Competitiveness with Other Energy Sources

The energy crisis precipitated by the Arab oil embargo of 1973 forced industrialized nations to make major adjustments in energy use and policy. Through the Energy Research and Development Administration (ERDA) and the Solar Energy Research Institute (SERI), both created in 1974, the United States began a program of government-sponsored research designed to help meet an announced goal of 10 quads of energy from solar power by the year 2000—enough to replace about 5 million barrels of oil daily. The oil embargo, however, also stimulated a sharp, but unfortunately temporary, reduction in the demand for energy. After years of steady 6 percent annual increases, new energy construction almost came to a standstill. On top of this, oil prices fell sharply again in the 1980s, and environmental constraints on the use of fossil fuels were eased. The net effect was a loss of urgency in the quest for solar power, and federal assistance for research and application was cut to a small fraction of previous levels.
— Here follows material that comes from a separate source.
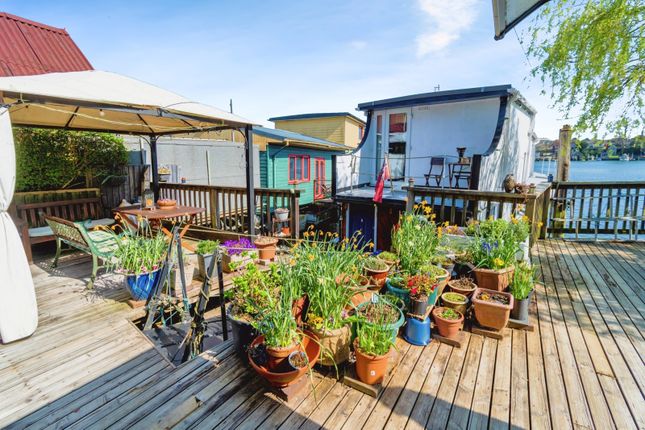 Shearwater Houseboat,, Pettinger Gardens, Hampshire photo 3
Meanwhile, serious problems developed in the fledgling solar power industry, as complaints about inflated pricing and exaggerated savings undermined public confidence and legislative support. Many of the young solar energy ventures that were launched in the 1980s failed.

At the turn of the twenty-first century, solar energy had yet to make a widespread impact on energy consumption for several reasons, including the high initial costs of solar heating systems, the tendency of building contractors to be conservative, and the fact that fossil fuels remained relatively inexpensive during the 1990s. As fossil fuels became depleted and their prices continued to rise in the twenty-first century, however, solar power became an increasingly viable energy resource.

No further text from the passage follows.